Single-cell, high-throughput analysis of cell docking to vessel wall

Abstract

Therapeutic potential of mesenchymal stem cells (MSCs) has been reported consistently in animal models of stroke, with mechanism mainly through immunomodulation and paracrine activity. Intravenous injection has been a prevailing route for MSCs administration, but cell quantities needed when scaling-up from mouse to human are extremely high putting into question feasibility of that approach. Intra-arterial delivery directly routes the cells to the brain thus lowering the required dose. Cell engineering may additionally improve cell homing, further potentiating the value of intra-arterial route. Therefore, our goal was to create microfluidic platform for screening and fast selection of molecules that enhance the docking of stem cells to vessel wall. We hypothesized that our software will be capable of detecting distinct docking properties of naïve and ITGA4-engineered MSCs. Indeed, the cell flow tracker analysis revealed positive effect of cell engineering on docking frequency of MSCs (42% vs. 9%, engineered vs. control cells, p < 0.001). These observations were then confirmed in an animal model of focal brain injury where cell engineering resulted in improved homing to the brain. To conclude, we developed a platform to study the docking of cells to the vessel wall which is highly relevant for intraarterial cell targeting or studies on neuroinflammation.

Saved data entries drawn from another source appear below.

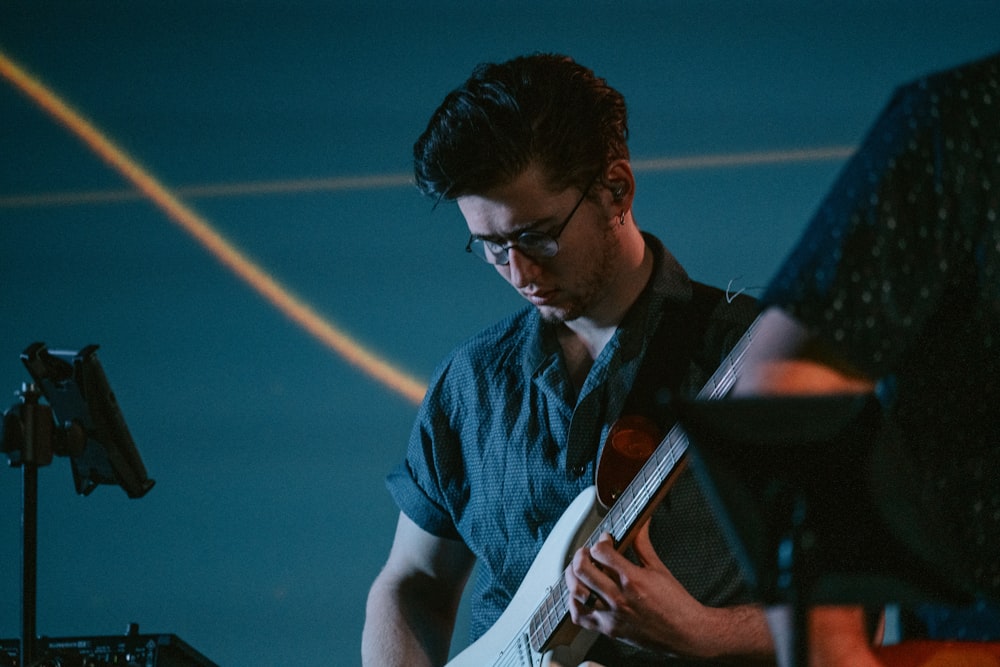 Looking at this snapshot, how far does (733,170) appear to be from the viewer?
2.52m

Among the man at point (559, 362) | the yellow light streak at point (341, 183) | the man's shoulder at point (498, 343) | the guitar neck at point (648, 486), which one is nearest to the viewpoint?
the guitar neck at point (648, 486)

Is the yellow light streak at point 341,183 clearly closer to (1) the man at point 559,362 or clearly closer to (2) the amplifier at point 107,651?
(1) the man at point 559,362

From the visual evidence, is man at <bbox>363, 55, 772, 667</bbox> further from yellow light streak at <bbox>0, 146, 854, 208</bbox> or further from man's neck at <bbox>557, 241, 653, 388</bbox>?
yellow light streak at <bbox>0, 146, 854, 208</bbox>

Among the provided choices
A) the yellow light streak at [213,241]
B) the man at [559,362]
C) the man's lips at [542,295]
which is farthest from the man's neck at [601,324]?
the yellow light streak at [213,241]

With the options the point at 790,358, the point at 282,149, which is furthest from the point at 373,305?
the point at 790,358

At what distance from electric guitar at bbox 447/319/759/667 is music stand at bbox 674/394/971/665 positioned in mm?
896

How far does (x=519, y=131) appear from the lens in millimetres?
1771

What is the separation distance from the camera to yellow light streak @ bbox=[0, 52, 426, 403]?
2.71m

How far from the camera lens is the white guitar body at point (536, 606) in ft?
5.51

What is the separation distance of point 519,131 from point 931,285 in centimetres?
122

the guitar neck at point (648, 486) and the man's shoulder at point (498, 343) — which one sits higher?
the man's shoulder at point (498, 343)

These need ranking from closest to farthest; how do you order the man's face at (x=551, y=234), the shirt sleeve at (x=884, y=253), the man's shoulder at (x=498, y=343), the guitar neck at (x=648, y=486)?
the shirt sleeve at (x=884, y=253) → the guitar neck at (x=648, y=486) → the man's face at (x=551, y=234) → the man's shoulder at (x=498, y=343)

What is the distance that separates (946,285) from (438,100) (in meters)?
2.24

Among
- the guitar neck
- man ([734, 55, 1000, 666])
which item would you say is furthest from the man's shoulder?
man ([734, 55, 1000, 666]) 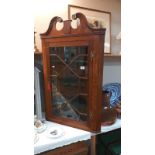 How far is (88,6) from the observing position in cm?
203

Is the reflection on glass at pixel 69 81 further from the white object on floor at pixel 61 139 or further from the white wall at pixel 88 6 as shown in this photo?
the white wall at pixel 88 6

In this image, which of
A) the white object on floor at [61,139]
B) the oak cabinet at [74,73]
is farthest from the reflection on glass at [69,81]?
the white object on floor at [61,139]

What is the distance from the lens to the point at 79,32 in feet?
4.75

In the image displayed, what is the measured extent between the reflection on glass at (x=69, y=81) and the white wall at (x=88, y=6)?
1.07ft

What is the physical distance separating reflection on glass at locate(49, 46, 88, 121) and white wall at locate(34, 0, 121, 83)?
1.07ft

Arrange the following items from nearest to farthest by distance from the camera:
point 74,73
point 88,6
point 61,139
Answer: point 61,139
point 74,73
point 88,6

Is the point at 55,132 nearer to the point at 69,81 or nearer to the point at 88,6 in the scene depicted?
the point at 69,81

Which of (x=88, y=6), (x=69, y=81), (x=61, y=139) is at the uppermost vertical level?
(x=88, y=6)

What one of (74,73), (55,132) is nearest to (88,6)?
(74,73)

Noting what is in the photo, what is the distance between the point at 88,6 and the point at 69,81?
2.78 feet

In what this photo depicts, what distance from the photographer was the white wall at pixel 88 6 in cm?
181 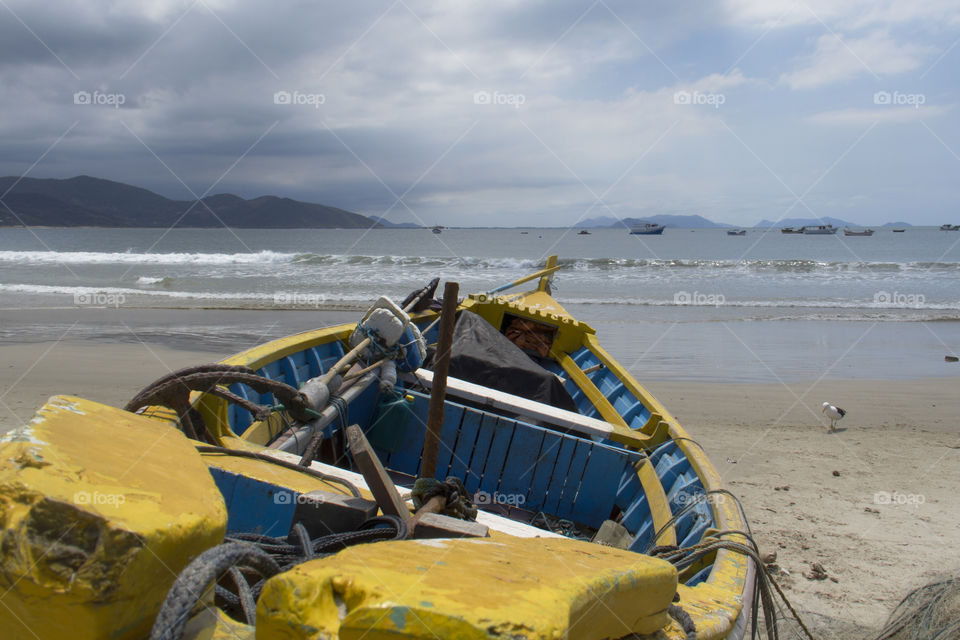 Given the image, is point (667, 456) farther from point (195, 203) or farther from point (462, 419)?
point (195, 203)

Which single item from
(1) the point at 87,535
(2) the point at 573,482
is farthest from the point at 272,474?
(2) the point at 573,482

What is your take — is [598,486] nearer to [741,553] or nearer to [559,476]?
[559,476]

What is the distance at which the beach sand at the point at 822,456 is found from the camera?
4664 mm

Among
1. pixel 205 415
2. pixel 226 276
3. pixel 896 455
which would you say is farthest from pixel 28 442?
pixel 226 276

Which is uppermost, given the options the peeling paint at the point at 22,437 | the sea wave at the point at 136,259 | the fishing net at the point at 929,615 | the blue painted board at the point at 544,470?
the sea wave at the point at 136,259

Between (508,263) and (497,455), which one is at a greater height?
(508,263)

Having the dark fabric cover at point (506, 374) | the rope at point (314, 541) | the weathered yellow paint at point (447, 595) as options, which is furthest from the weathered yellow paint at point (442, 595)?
the dark fabric cover at point (506, 374)

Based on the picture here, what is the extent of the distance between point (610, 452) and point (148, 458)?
3260 mm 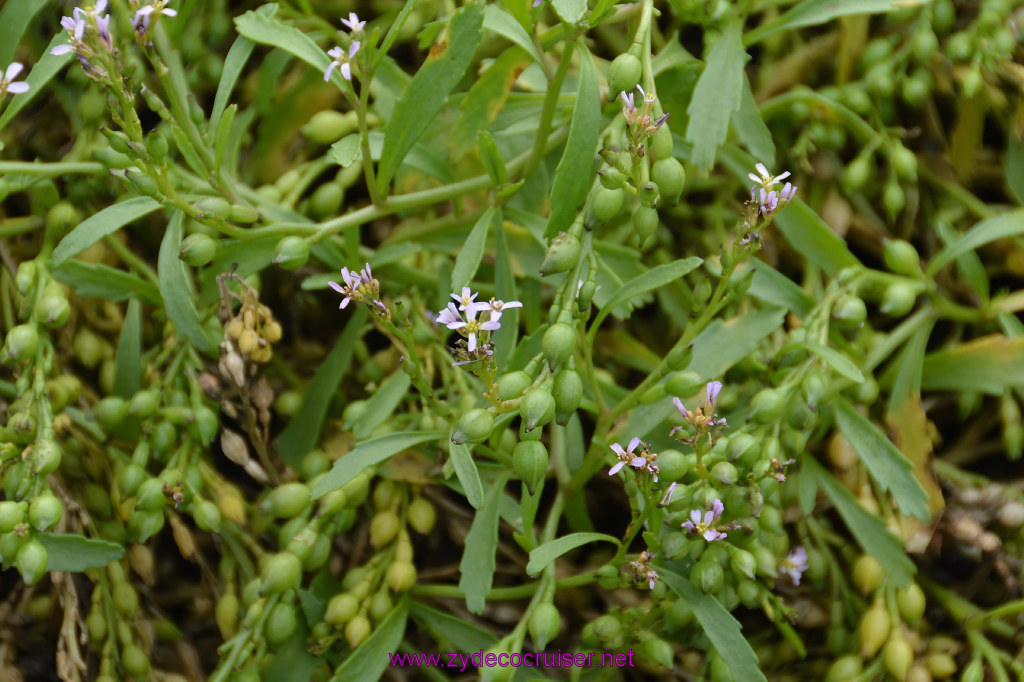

Keywords: ITGA4; Mesenchymal stem cells; docking; mRNA; microfluidic assay; stroke.

Figure 1.

Experimental study design. Initially, the hBM-MSCs were engineered with mRNA-ITGA4 and the functionality of the ITGA4 protein was analysed. We established a microfluidic assay and generated the necessary data to develop a software program for single-cell, high-throughput, real-time analysis of cell docking in a model of activated blood vessel, with subsequent validation against the manual analysis. In the next step, we compared the interaction of engineered and naïve hBM-MSCs during the flow in channel microfluidic chamber coated with VCAM-1, and, finally, we compared the docking of engineered vs. naïve cells in an animal model of focal brain injury.

Figure 2.

Flow cytometry of control and engineered hBM-MSCs at various time points after mRNA-ITGA4 transfection. The visual illustration of flow cytometry results (a), the graphical presentation of the percentage of ITGA (+) hBM-MSCs (b) and the changes in the fluorescence signal intensity generated by an antibody attached to the ITGA4 antigen on the surface of the cells (c).

Figure 3.

The correlation analysis of the distance traveled by single cells, assessed manually in the ImageJ program and automatically by the cell flow tracker software (a). The speed pattern curves of three random cells measured by the cell flow tracker (red line) and measured manually (blue line) (b).

Figure 4.

The example of movement patterns typical for hBM-MSCs during their interactions with microfluidic channels decorated with the VCAM-1 protein which resembles steps of the leukocyte transmigration process. The flow of unstopped cells (a), rolling (b), arrest (c), and crawling (d).

Figure 5.

The functional effects of mRNA-ITGA4 engineering of hBM-MSCs in vitro. The percentage of mRNA-ITGA4-engineered cells or control hBM-MSCs, which docked in the model of the activated vessel wall (a). The relative ratio of mRNA-ITGA4 engineered to control hBM-MSCs across ranges of the arrest lengths (b). The correlation between the percentage of docked cells and the length of their arrest (c).

Figure 6.

Analysis of the movement dynamics of hBM-MSCs flowing through microfluidic chamber. The rolling of hBM-MSCs prior to their attachment compared to cell flow (a). The crawling of hBM-MSCs prior to their attachment compared to cell flow (b). The comparison of the average speed of mRNA-ITGA4-engineered cells to control hBM-MSCs (c). The comparison of cell size between mRNA-ITGA4-engineered cells and control hBM-MSCs (d).

Figure 7.

The comparison of in vivo docking efficacy between mRNA-ITGA4-engineered cells and control hBM-MSCs in an animal model of focal brain injury under MRI guidance. Examples of MR images (a). The quantification of docking efficacy in both mRNA-ITGA4-engineered cells and control hBM-MSCs (b), with a distribution of difference across brain cross-sections to illustrate the multilevel model used for statistical calculations (c) (control cell group n = 6, mRNA ITGA4 hBM-MSCs group n = 6).